The first time Scott and I hosted a get together at our place, he made the best homemade salsa and queso dips. At the time, I had no idea that he had such a knack for combining flavors.
By request, we made and brought both dips to family gatherings and parties for years, and I still hear about how much they miss his fresh salsa dip since we moved.
Each batch comes out a little different because he continuously experiments by adding new ingredients. So far, the recipe below has been the most consistent and comes out to a medium-hot heat.
It’s extremely easy to prepare and is only made with fresh ingredients!
5 ripe vine tomatoes
1/2 yellow onion
1 green bell pepper
1 serrano pepper (with seeds)
1 clove garlic
juice of 1 lime
1/2 tsp. salt
1/2 tsp. pepper
1/2 tsp. cumin
lots of cilantro
Chop everything up and let it sit in the refrigerator for extra flavor!

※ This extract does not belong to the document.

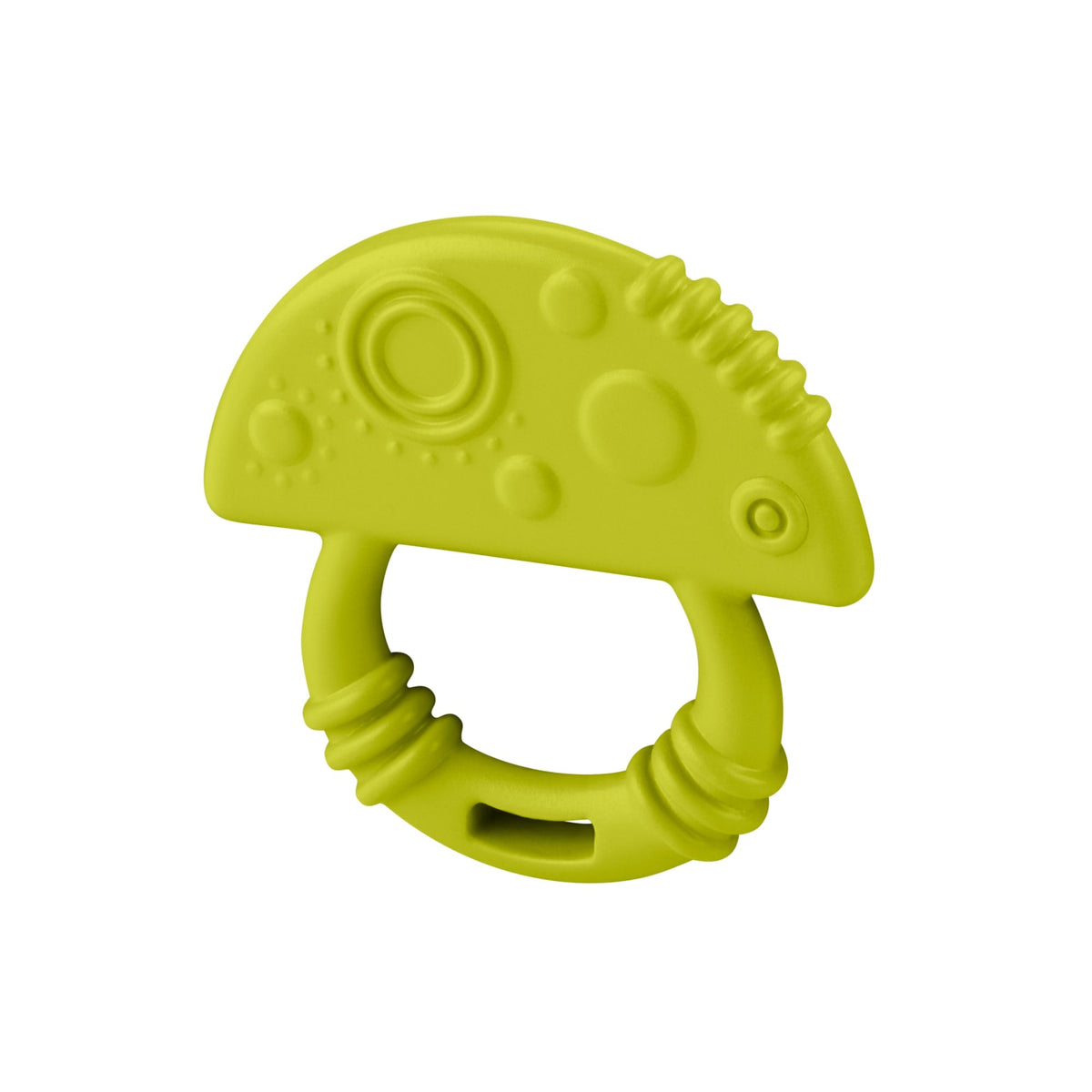 Fisher-Price Mordedores Coloridos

We used a salsa maker – since Scott is a complete gadget junkie and, of course, owns one – but you can use a food processor if you have one and like it less chunky.

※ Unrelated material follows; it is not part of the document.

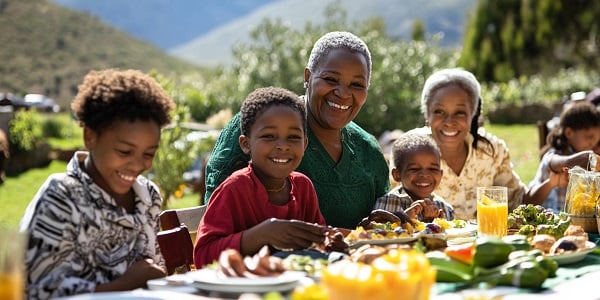 family day 2025 celebrating togetherness in south a 10692e3e 7a36 4f75 b406 74359c596e27 0 (1)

Salsa is great for more than just a dip with chips too. Sometimes I will use it as dressing on Southwest salads, on top of vegetables, and even scrambled into my eggs to give them an extra spice!
If you aren’t sure about the spiciness, take out the seeds of the serrano pepper to make it medium or use half of it for a more of a mild heat.
Throw a batch together for a party or even just for your family to snack on and keep it in the refrigerator for up to a week. Enjoy!
Questions of the Day
• What do you enjoy putting salsa on (besides chips!)?
• Mild, Medium, Hot, or Super Spicy? Which one’s for you?